**ASSIGNED TASK**
When you reach the line that has "広島ニュース | RCC中国放送" in the material below, reproduce it and each line after it exactly, through the last one.

**INPUT FOR THIS TASK**
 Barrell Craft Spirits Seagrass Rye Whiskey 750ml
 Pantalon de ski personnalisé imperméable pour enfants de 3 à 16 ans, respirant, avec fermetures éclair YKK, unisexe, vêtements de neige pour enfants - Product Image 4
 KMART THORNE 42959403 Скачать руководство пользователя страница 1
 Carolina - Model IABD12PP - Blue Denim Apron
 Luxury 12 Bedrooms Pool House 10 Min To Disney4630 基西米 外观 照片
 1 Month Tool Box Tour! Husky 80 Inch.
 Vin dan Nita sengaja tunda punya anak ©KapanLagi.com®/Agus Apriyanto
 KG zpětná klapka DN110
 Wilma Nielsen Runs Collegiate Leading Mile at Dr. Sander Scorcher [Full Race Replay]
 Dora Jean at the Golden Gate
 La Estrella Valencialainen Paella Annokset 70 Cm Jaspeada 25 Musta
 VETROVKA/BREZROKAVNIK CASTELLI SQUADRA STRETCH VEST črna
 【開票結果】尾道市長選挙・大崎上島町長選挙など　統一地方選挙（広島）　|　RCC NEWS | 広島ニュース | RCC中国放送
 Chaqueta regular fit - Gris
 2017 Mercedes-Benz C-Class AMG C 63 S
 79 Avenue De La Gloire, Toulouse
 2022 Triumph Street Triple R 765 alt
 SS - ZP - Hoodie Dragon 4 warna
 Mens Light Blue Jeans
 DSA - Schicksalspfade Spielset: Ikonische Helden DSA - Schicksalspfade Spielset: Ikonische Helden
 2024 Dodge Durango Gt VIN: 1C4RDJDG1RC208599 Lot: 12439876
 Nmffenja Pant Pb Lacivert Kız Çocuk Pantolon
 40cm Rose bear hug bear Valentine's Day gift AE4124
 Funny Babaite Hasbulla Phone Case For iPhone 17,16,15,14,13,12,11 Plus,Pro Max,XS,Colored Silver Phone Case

**RESPONSE**
 【開票結果】尾道市長選挙・大崎上島町長選挙など　統一地方選挙（広島）　|　RCC NEWS | 広島ニュース | RCC中国放送
 Chaqueta regular fit - Gris
 2017 Mercedes-Benz C-Class AMG C 63 S
 79 Avenue De La Gloire, Toulouse
 2022 Triumph Street Triple R 765 alt
 SS - ZP - Hoodie Dragon 4 warna
 Mens Light Blue Jeans
 DSA - Schicksalspfade Spielset: Ikonische Helden DSA - Schicksalspfade Spielset: Ikonische Helden
 2024 Dodge Durango Gt VIN: 1C4RDJDG1RC208599 Lot: 12439876
 Nmffenja Pant Pb Lacivert Kız Çocuk Pantolon
 40cm Rose bear hug bear Valentine's Day gift AE4124
 Funny Babaite Hasbulla Phone Case For iPhone 17,16,15,14,13,12,11 Plus,Pro Max,XS,Colored Silver Phone Case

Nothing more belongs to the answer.